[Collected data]

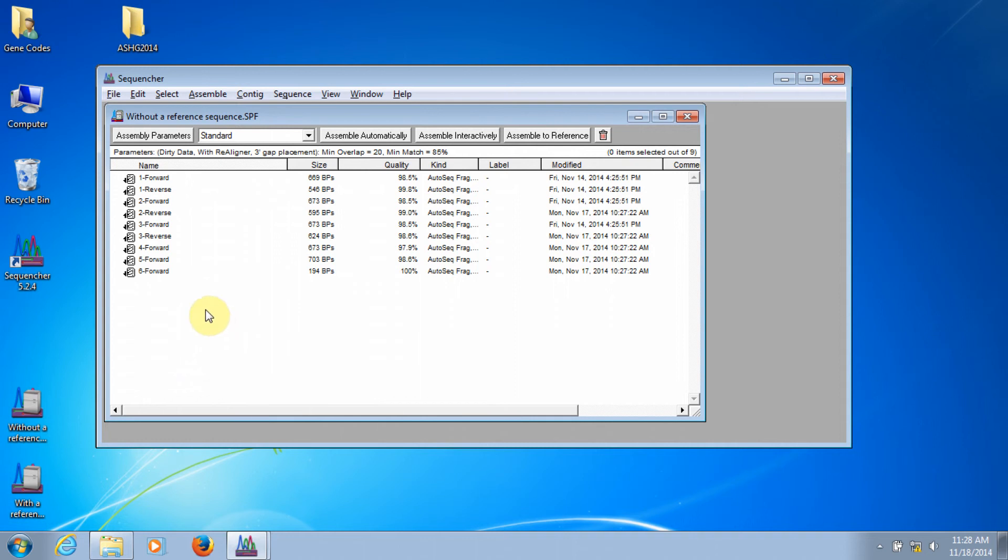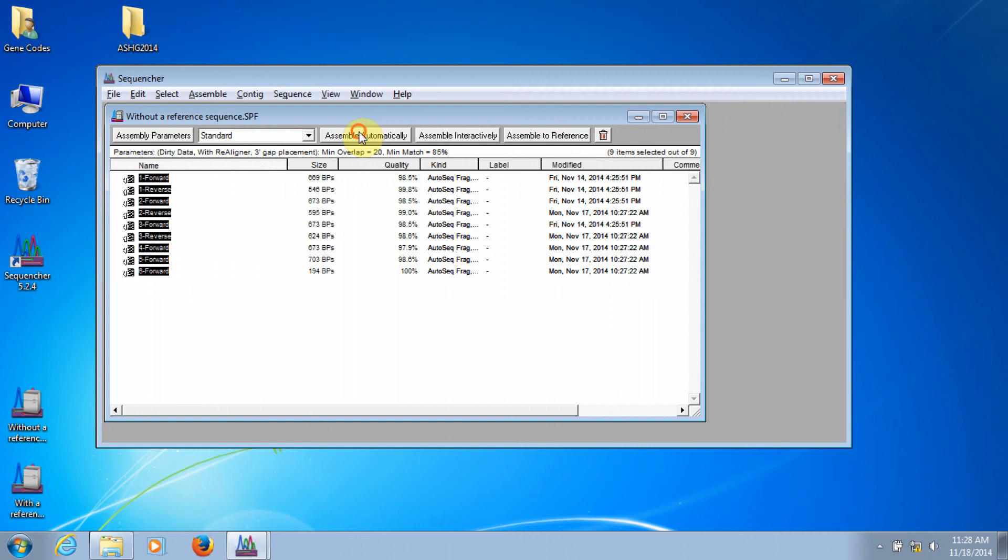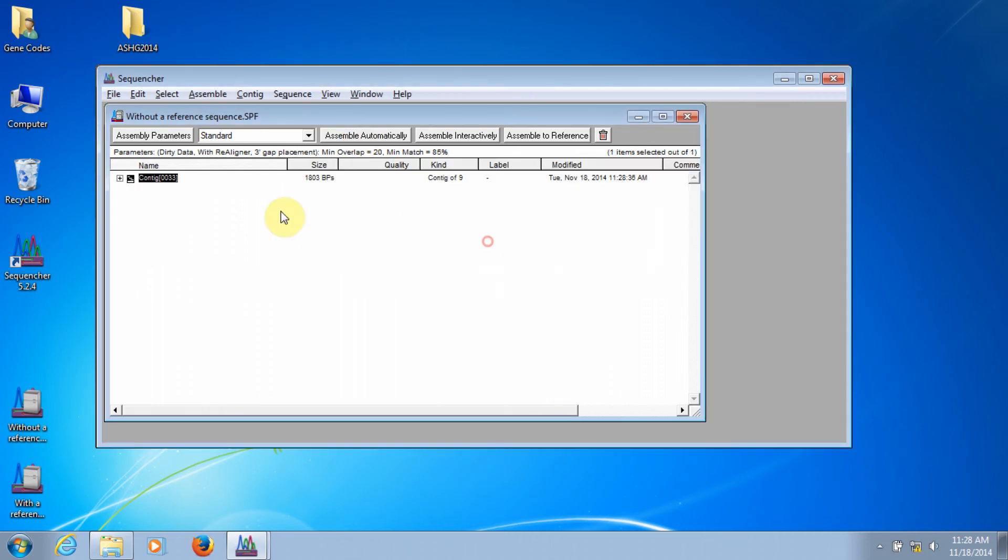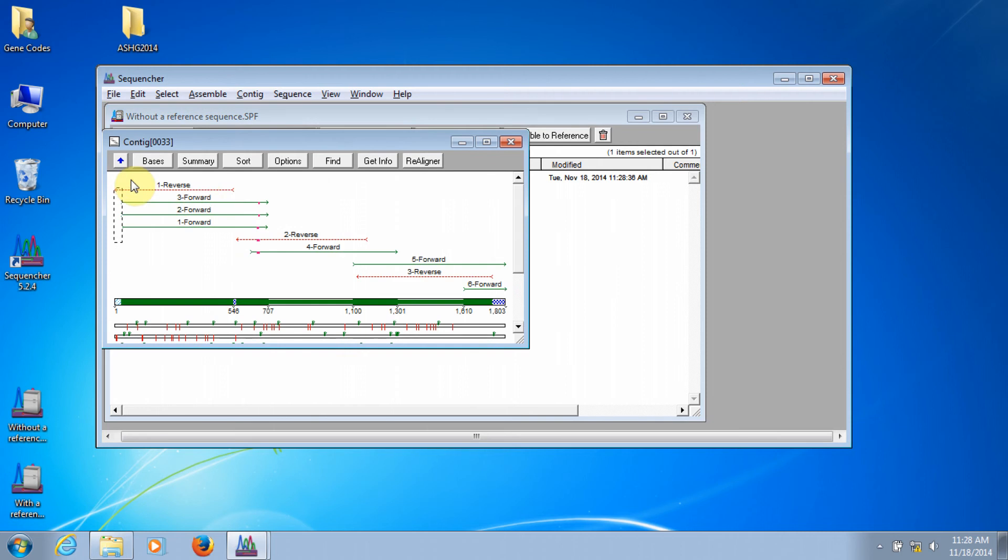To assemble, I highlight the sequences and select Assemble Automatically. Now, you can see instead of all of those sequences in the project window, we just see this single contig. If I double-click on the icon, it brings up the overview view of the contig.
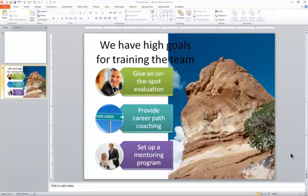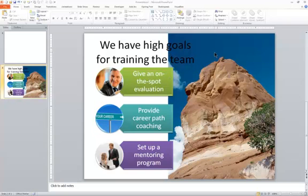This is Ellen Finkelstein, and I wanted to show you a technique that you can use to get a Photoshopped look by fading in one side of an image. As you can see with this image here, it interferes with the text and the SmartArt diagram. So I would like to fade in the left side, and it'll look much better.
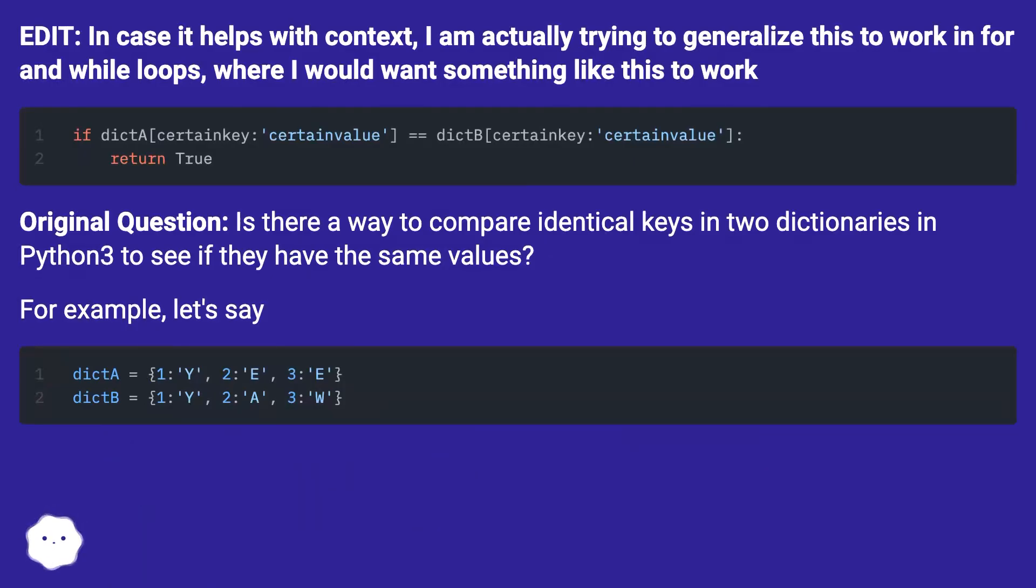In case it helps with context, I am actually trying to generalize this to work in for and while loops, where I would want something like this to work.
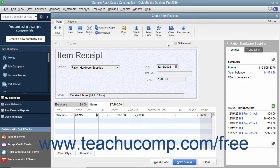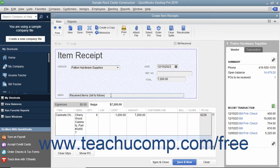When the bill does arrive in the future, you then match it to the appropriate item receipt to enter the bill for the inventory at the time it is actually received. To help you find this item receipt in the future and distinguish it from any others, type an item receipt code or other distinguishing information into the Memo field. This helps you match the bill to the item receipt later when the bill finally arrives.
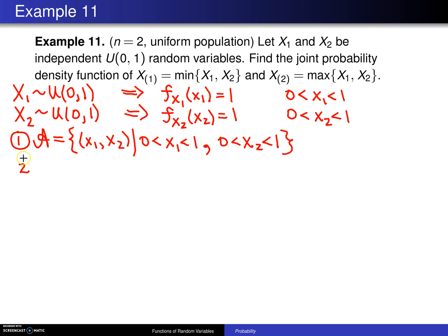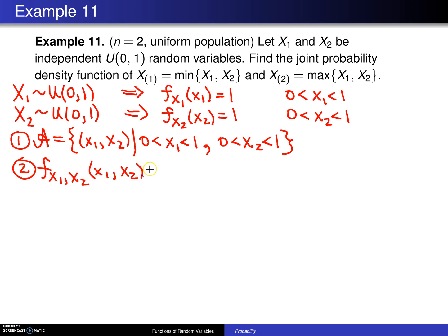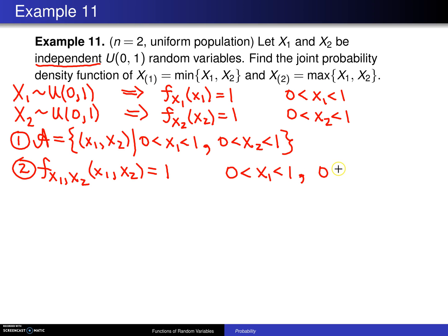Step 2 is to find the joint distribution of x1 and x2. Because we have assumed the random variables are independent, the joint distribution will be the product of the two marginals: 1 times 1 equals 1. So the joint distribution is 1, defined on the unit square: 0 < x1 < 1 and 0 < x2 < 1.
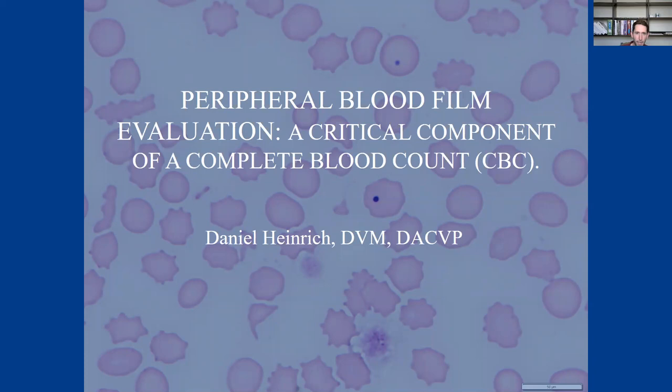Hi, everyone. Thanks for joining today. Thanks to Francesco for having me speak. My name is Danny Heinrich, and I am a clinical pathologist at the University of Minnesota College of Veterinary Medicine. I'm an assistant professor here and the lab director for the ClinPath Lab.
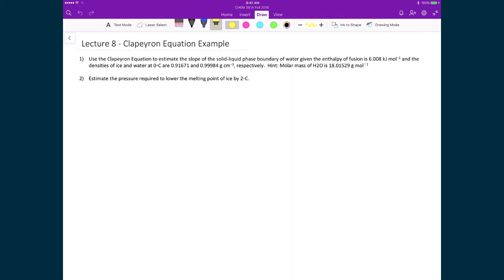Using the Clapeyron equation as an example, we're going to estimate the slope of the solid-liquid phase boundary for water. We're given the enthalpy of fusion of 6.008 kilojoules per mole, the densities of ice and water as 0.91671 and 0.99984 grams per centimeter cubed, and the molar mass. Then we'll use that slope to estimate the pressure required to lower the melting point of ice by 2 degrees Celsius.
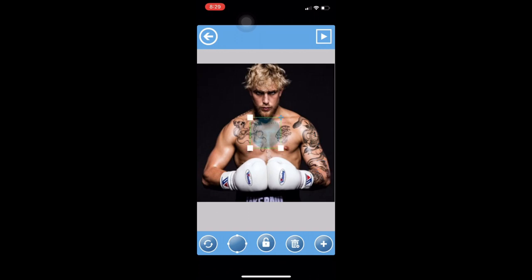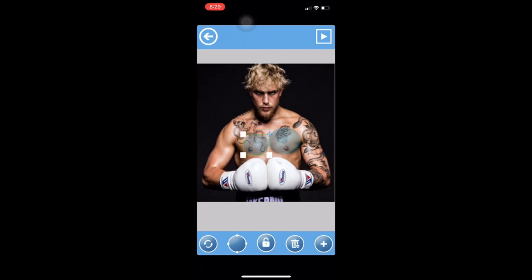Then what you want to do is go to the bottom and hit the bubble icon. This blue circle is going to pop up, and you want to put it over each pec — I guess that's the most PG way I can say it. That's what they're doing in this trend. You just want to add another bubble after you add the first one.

## [TASK INSTRUCTIONS]
Would you reproduce the lines above, from the very first through the line containing "Hi, everyone. Thanks", exactly and without the pictures?

## [SOLUTION TO THIS PROBLEM]
To assemble, I highlight the sequences and select Assemble Automatically. Now, you can see instead of all of those sequences in the project window, we just see this single contig. If I double-click on the icon, it brings up the overview view of the contig.
This is Ellen Finkelstein, and I wanted to show you a technique that you can use to get a Photoshopped look by fading in one side of an image. As you can see with this image here, it interferes with the text and the SmartArt diagram. So I would like to fade in the left side, and it'll look much better.
In case it helps with context, I am actually trying to generalize this to work in for and while loops, where I would want something like this to work.
When the bill does arrive in the future, you then match it to the appropriate item receipt to enter the bill for the inventory at the time it is actually received. To help you find this item receipt in the future and distinguish it from any others, type an item receipt code or other distinguishing information into the Memo field. This helps you match the bill to the item receipt later when the bill finally arrives.
Step 2 is to find the joint distribution of x1 and x2. Because we have assumed the random variables are independent, the joint distribution will be the product of the two marginals: 1 times 1 equals 1. So the joint distribution is 1, defined on the unit square: 0 < x1 < 1 and 0 < x2 < 1.
Hi, everyone. Thanks for joining today. Thanks to Francesco for having me speak. My name is Danny Heinrich, and I am a clinical pathologist at the University of Minnesota College of Veterinary Medicine. I'm an assistant professor here and the lab director for the ClinPath Lab.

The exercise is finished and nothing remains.